What is the difference between DSM and NSM?
What is the difference between OLTP and OLAP workloads?
What are the advantages and disadvantages of DSM?

PostgreSQL Extensions

The authoritative source on PostgreSQL extensions is the official documentation. You should at least skim 38.10 (defining your own functions in C), 38.17 (packaging and installing extensions), and 38.18 (extension building infrastructure).

Using the PostgreSQL extension ecosystem, you can add new types, operators, functions, and more. For this project, you should understand the hook mechanism that enables some of this extensibility.

PostgreSQL Hooks

Hooks are essentially function pointers strategically placed around the PostgreSQL source code. Extensions are able to modify these hooks at run-time. For example, every Executor will always invoke the ExecutorStart_hook:

// /src/include/executor/executor.h
// Hook type defined here: https://github.com/cmu-db/postgres/blob/2a7ce2e2ce474504a707ec03e128fde66cfb8b48/src/include/executor/executor.h#L65
typedef void (*ExecutorStart_hook_type) (QueryDesc *queryDesc, int eflags);

// /src/backend/executor/execMain.c
// Hook defined here: https://github.com/cmu-db/postgres/blob/2a7ce2e2ce474504a707ec03e128fde66cfb8b48/src/backend/executor/execMain.c#L72
ExecutorStart_hook_type ExecutorStart_hook = NULL;

// Hook used here: https://github.com/cmu-db/postgres/blob/2a7ce2e2ce474504a707ec03e128fde66cfb8b48/src/backend/executor/execMain.c#L130-L145
void ExecutorStart(QueryDesc *queryDesc, int eflags) {
    // ...
    if (ExecutorStart_hook)
        (*ExecutorStart_hook) (queryDesc, eflags);
    else
        standard_ExecutorStart(queryDesc, eflags);
}

Notice that the design of hooks implies that only one extension can have its hook loaded at a time. The way that people get around this is by "stacking" extensions on top of each other,

newest extension on top
older extension below it
...
oldest extension at the bottom
PostgreSQL

where each extension is supposed to play nice and invoke the hook installed by the extension directly below it. As you can imagine, this creates composability and incompatibility challenges (e.g., extension A must be installed before extension B, extension C cannot be installed with extension D, extension E just breaks the chain entirely). You don't need to worry about this for project 1 as your extension will be the only extension that we load.

For this project, you should not need to add new hooks. Instead, you will use existing hooks for foreign data wrappers. You will probably use hooks extensively in your future group projects. Because hooks are relatively undocumented in the official PostgreSQL manual, we've linked third-party resources (that you're not required to read):

Example Extensions

Extensions are powerful. You can build a whole new DBMS on top of PostgreSQL with them, for example:

TimescaleDB is an open-source SQL database designed for scalable time-series data that is packaged as a PostgreSQL extension.
Citus is an open-source distributed, shared-nothing DBMS that is packaged as a PostgreSQL extension.

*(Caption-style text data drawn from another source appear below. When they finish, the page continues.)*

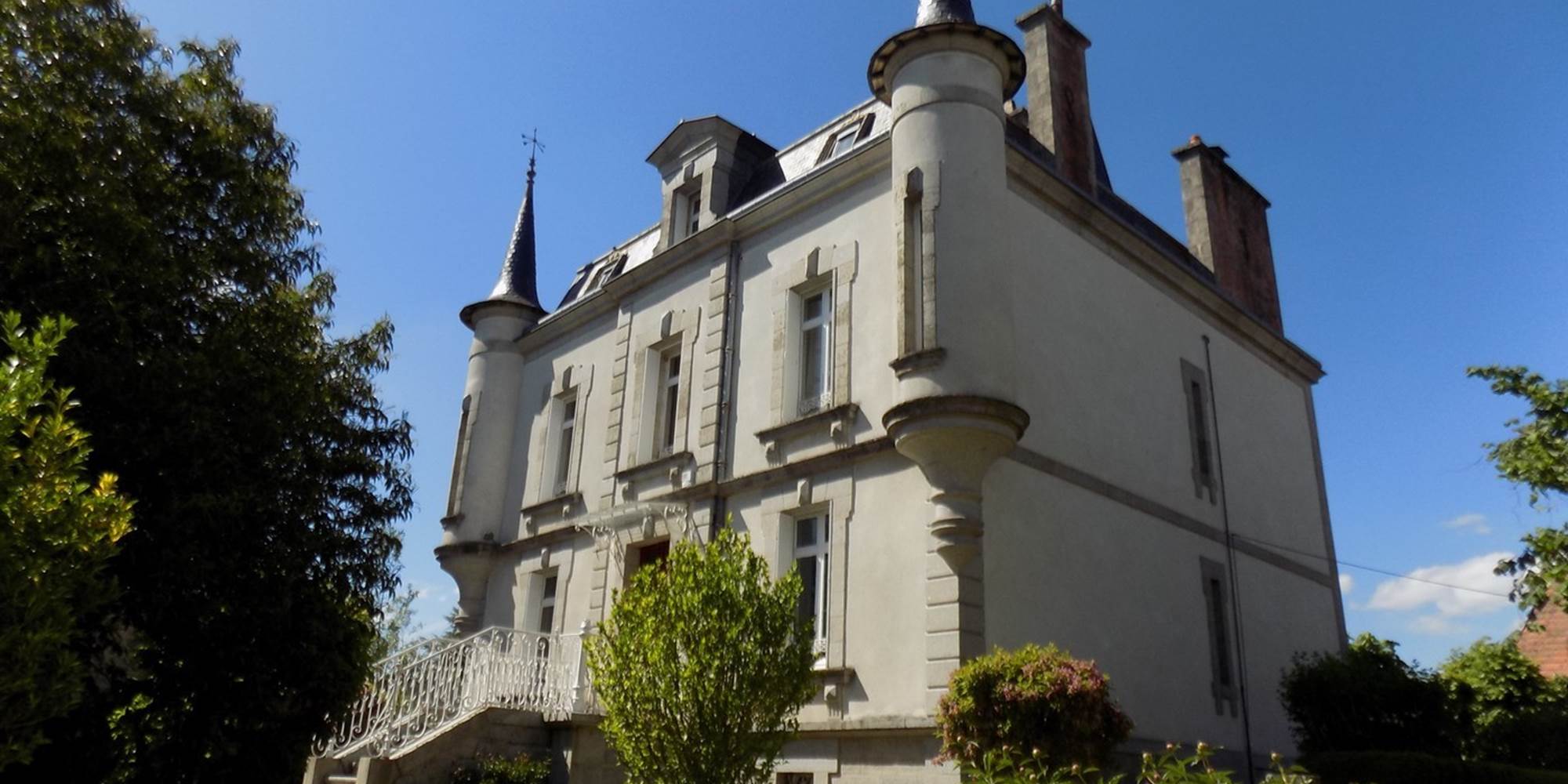 La Demeure de Louis, manoir élégant et sobre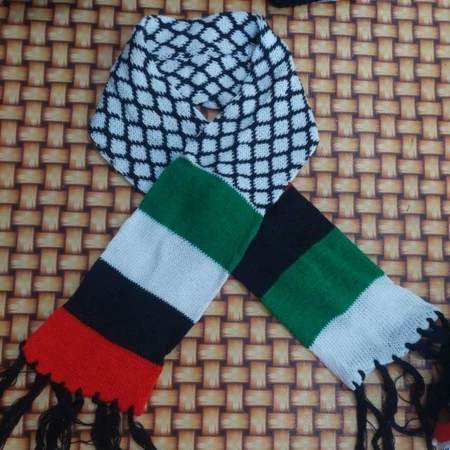 Syal Rajut Palestina dan Topi - Syal Kotak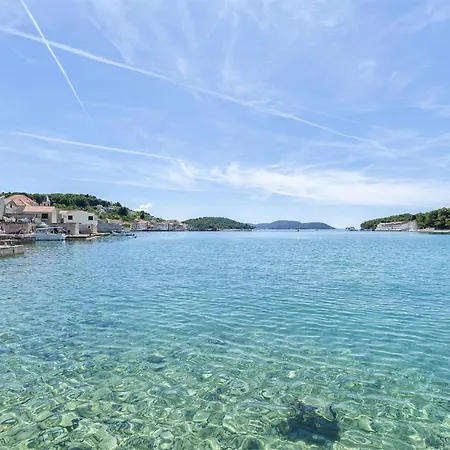 Mirni By The Sea Prvić Luka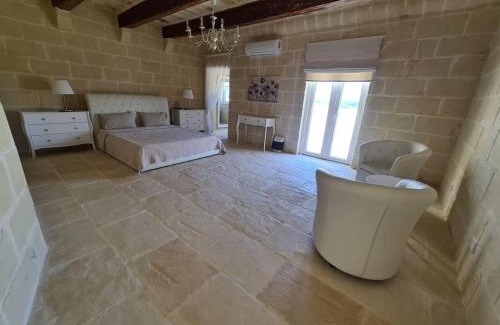 Birbuba Villa | 5 Bed Villa - Sleeps 8 - Pool - Garden - Parking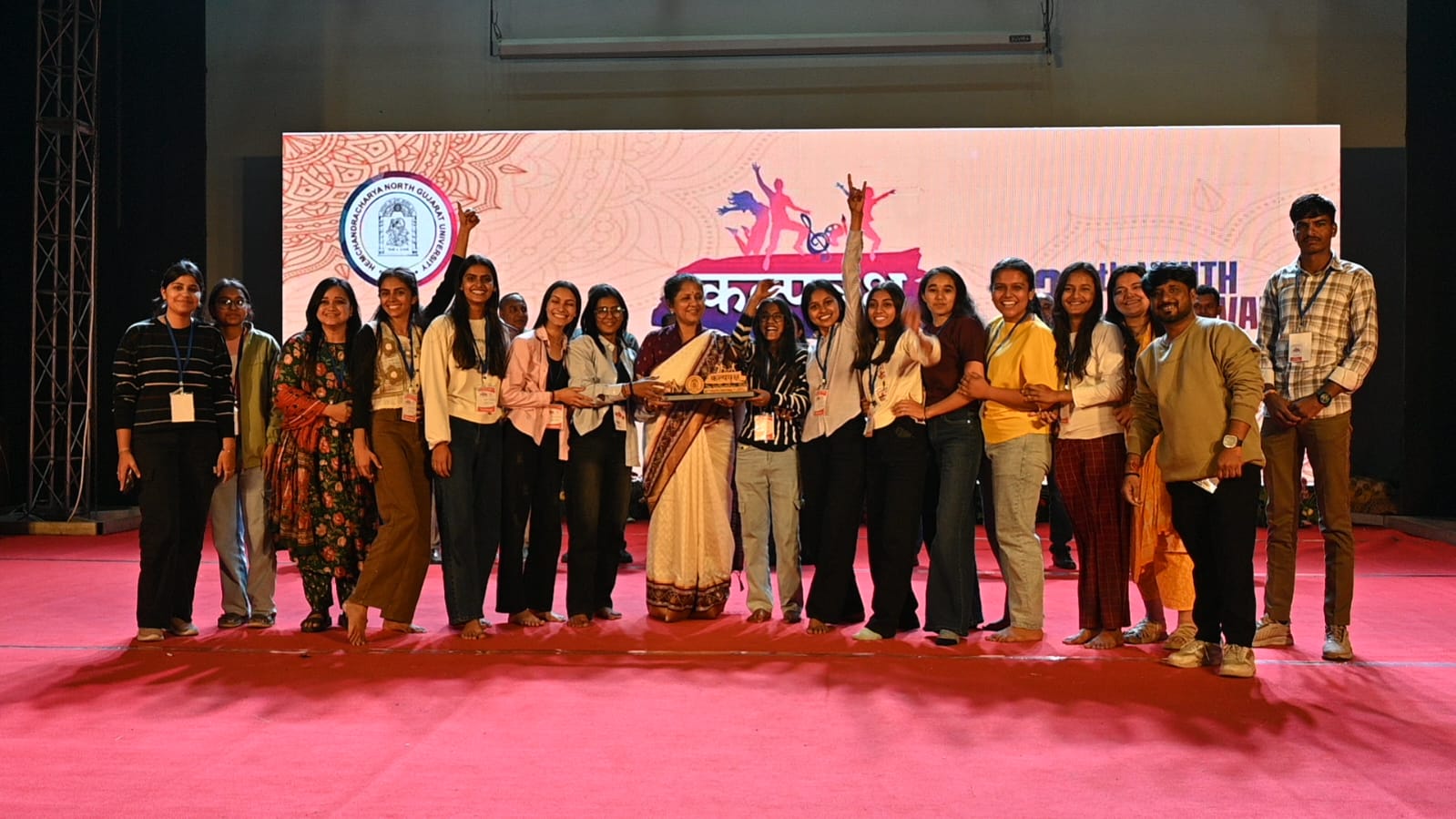 હેમચંદ્રાચાર્ય ઉત્તર ગુજરાત યુનિવર્સિટી, પાટણ ખાતે વર્ષ ૨૦૨૫-૨૬ માટે આયોજિત દ્વિ દિવસીય ૩૬ માં યુવક મહોત્સવમાં આપણી કૉલેજની વિધાર્થીનીઓ દ્વારા આસામી બિહુ નૃત્ય પ્રસ્તુત કરી દ્વિતીય સ્થાન પ્રાપ્ત કરી કૉલેજનું ગૌરવ વધારેલ છે.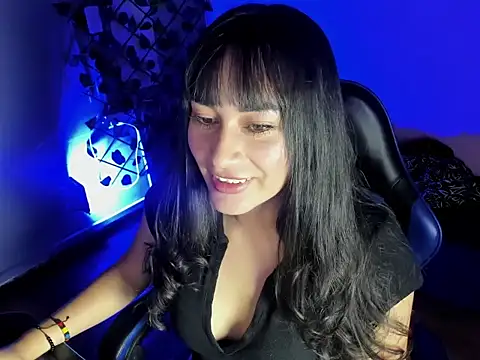 Dhany Naugthy  online show from November 2025 05:28:02 PM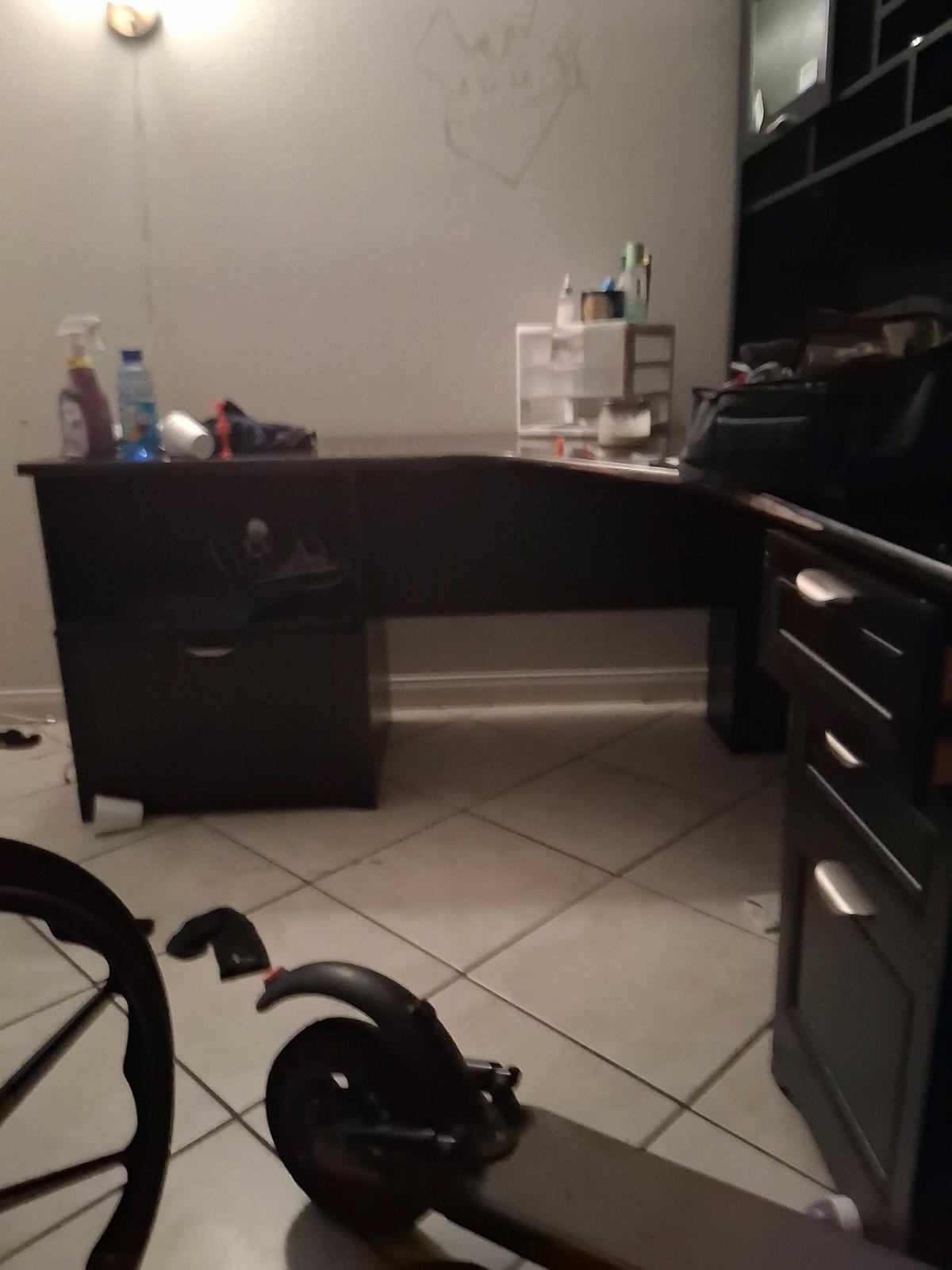 its a fine desk - Moreno Valley, California - FleaMarketBay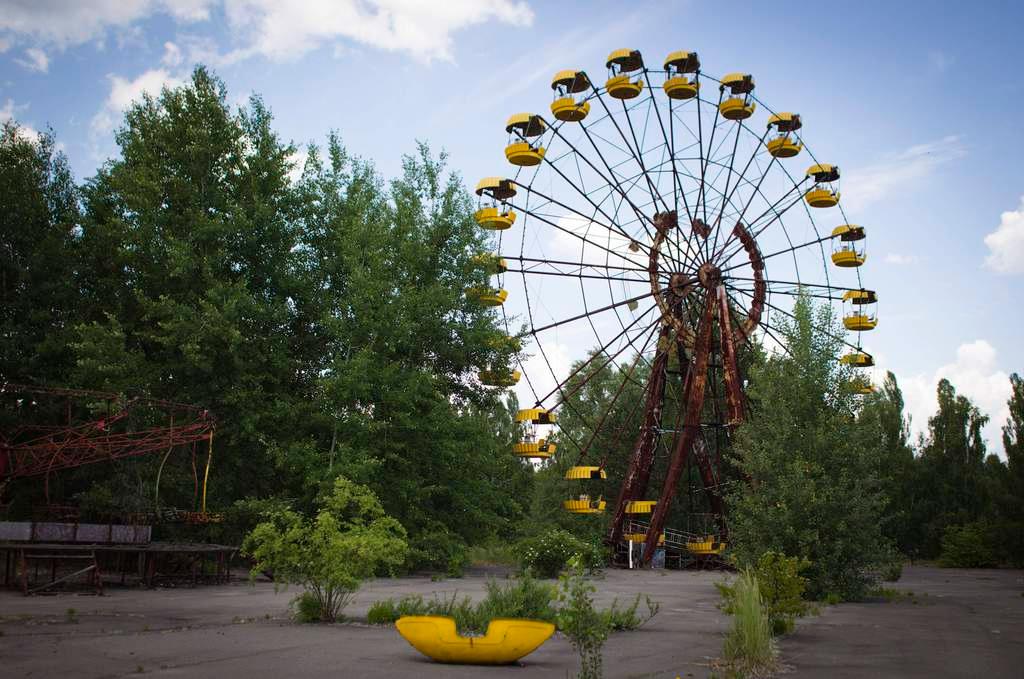 Заброшенный город Припять, чьи жители были эвакуированы в мае 1986 года, навсегда останется символом Чернобыльской катастрофы.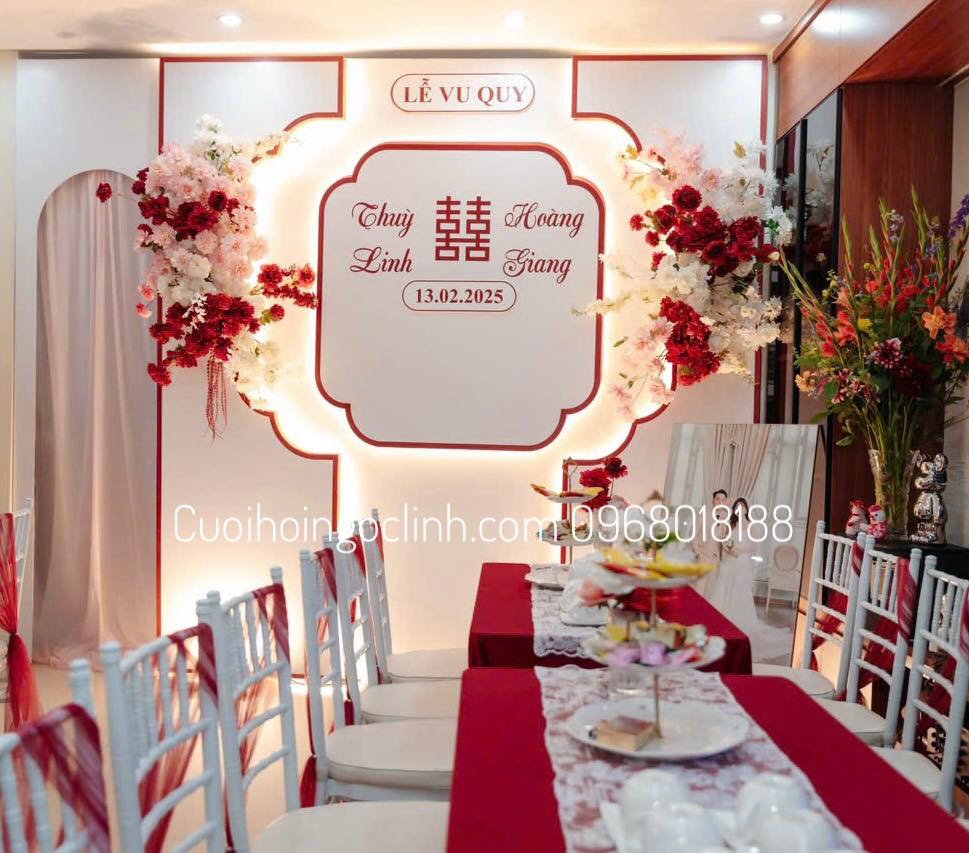 hình ảnh Phông cưới tone trắng đỏ truyền thống, trang trí hoa lụa đỏ trắng kết hợp ánh sáng led dịu nhẹ, phù hợp cho lễ vu quy tại gia.
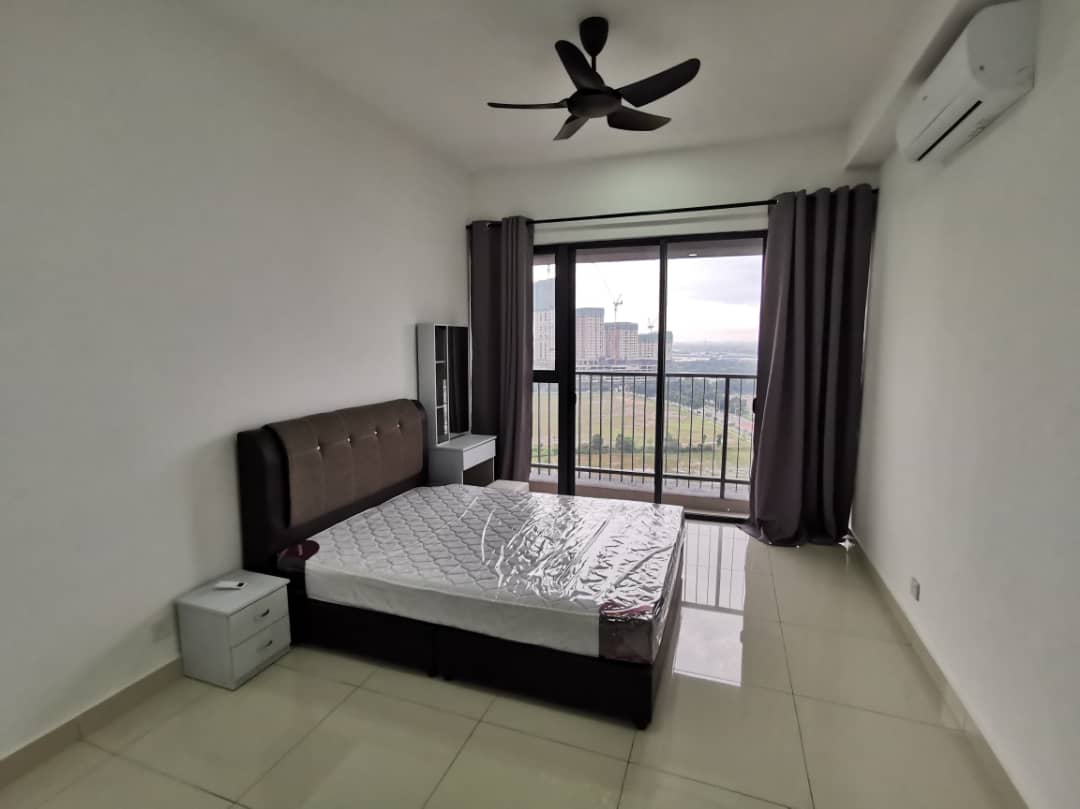 Setia City 3 bed 2 bath 1045sf FF 3000 - photo 12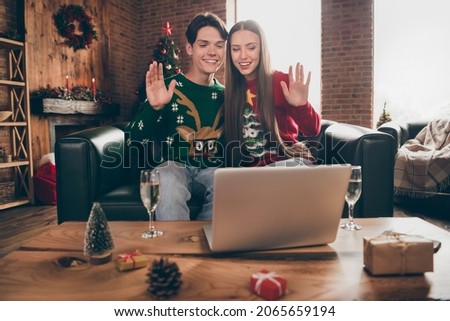 Photo portrait young couple spending time together talking on video connection waving hand happy on sofa Royalty-Free Stock Photo #2065659194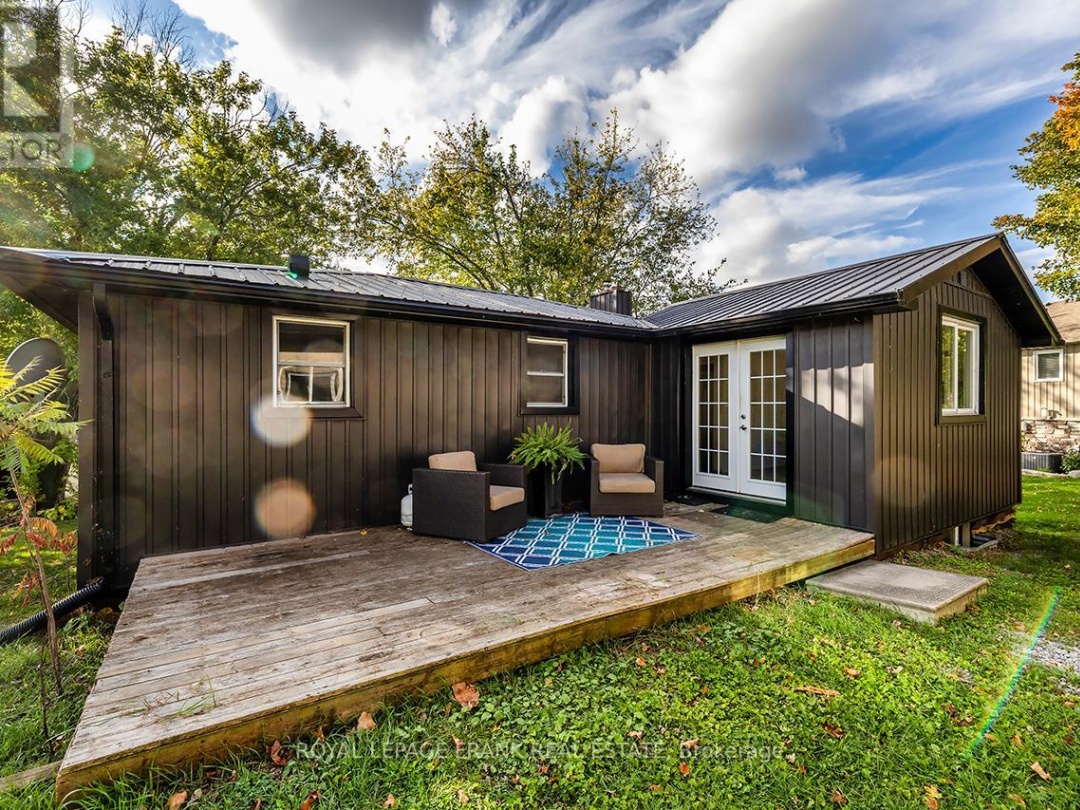 119 OAKDENE CRESCENT, 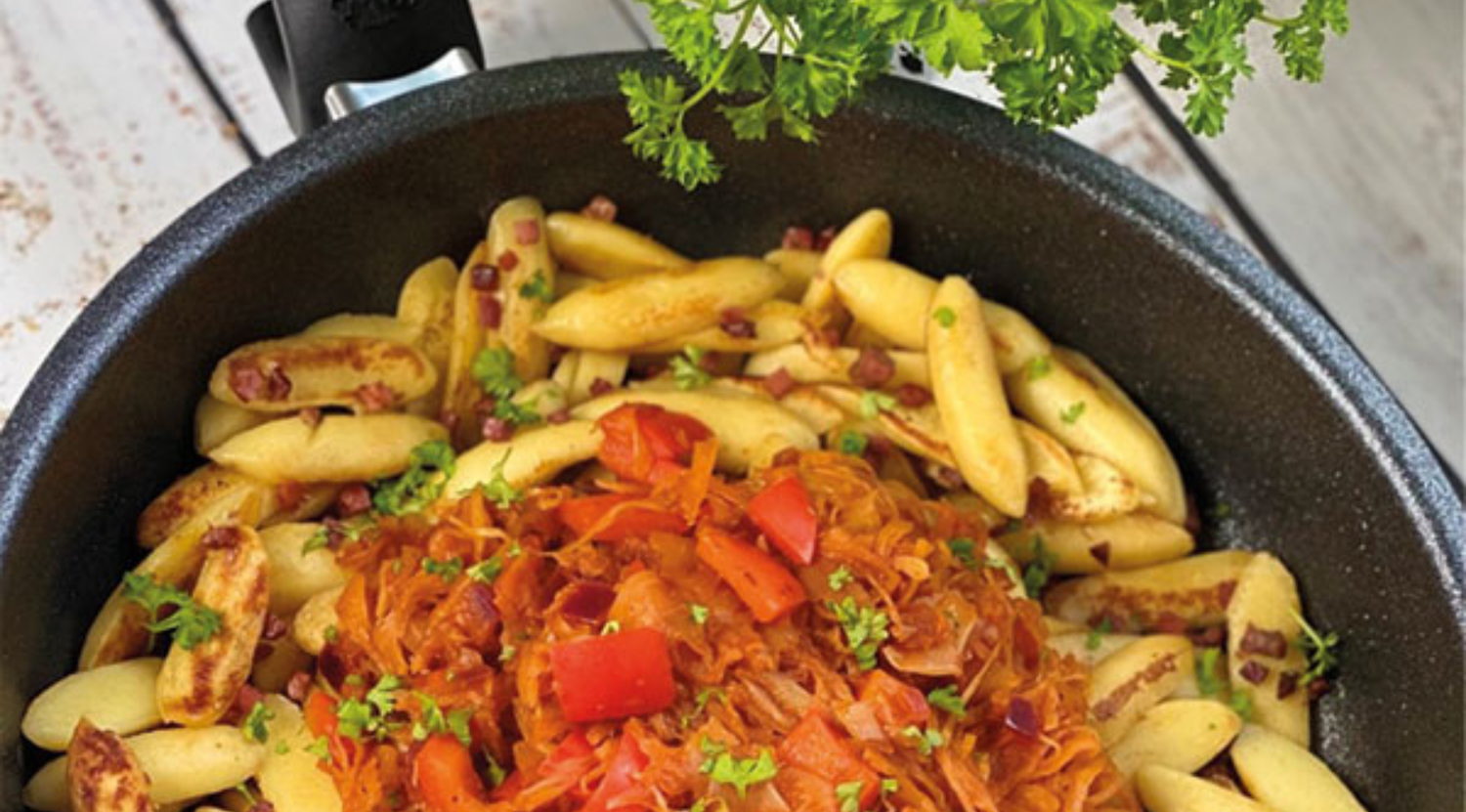 schupfnudeln-mit-paprikasauerkraut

But for this project, we're keeping things simple. PostgreSQL ships with a variety of extensions that you may find useful as a reference. For this project, some helpful extensions to study are:

postgres_fdw
- Access data stored in external PostgreSQL servers
- Written in C
- Ships with PostgreSQL, manual (F38)
- In a sense, this is the "reference" for writing foreign data wrappers
cstore_fdw
- Columnar storage inspired by the ORC (Optimized Row Columnar) format
- Written in C
- Note that Citus has since integrated cstore_fdw into their Citus extension and improved it with more features
parquet_fdw
- An experimental wrapper for reading Parquet files
- Being experimental, it may have bugs
- Written in C++

Background: Foreign Data Wrappers

The SQL/MED ("Management of External Data") standard calls for extensions to SQL that allow you to access foreign data that lives outside your DBMS. For example, you may want to query a different file format (e.g., CSV, Parquet), different instance of the same DBMS (e.g., PostgreSQL on a different machine), or access remote data (e.g., S3).

PostgreSQL implements portions of the SQL/MED specification as documented in the manual (5.12). Foreign data is accessed through a foreign data wrapper (FDW). A FDW is a library that abstracts over connecting to the external data and obtaining data from it. A non-exhaustive list of some FDWs can be found in the PostgreSQL wiki.

In this project, we are asking you to write a foreign data wrapper for our custom db721 format. You will need to implement the foreign data wrapper hooks that are described in the manual (59).

Background: db721

db721 is our custom columnar file format. Each table is stored with its metadata in its own .db721 file. The format is simple, consisting of only three components:

[Raw Data] [JSON Metadata] [JSON Metadata Size (4 bytes)]

To read this format, first you read the last 4 bytes to figure out how big the JSON metadata is. Then, you read the JSON metadata, which describes how to access the raw data:

metadata["Table"]: the table name (string)

metadata["Max Values Per Block"]: the maximum number of values in each block (int)

metadata["Columns"]: the table's columns (JSON dict)
    Keys: column names (string)
    Values: column data, see below (JSON dict)

metadata["Columns"]["Column Name"]: column data (JSON dict)
    Keys:
    "type": the column type (str), possible values are:
        "float" | "int" | "str"

    "start_offset": the offset in the file for the first block of this column (int)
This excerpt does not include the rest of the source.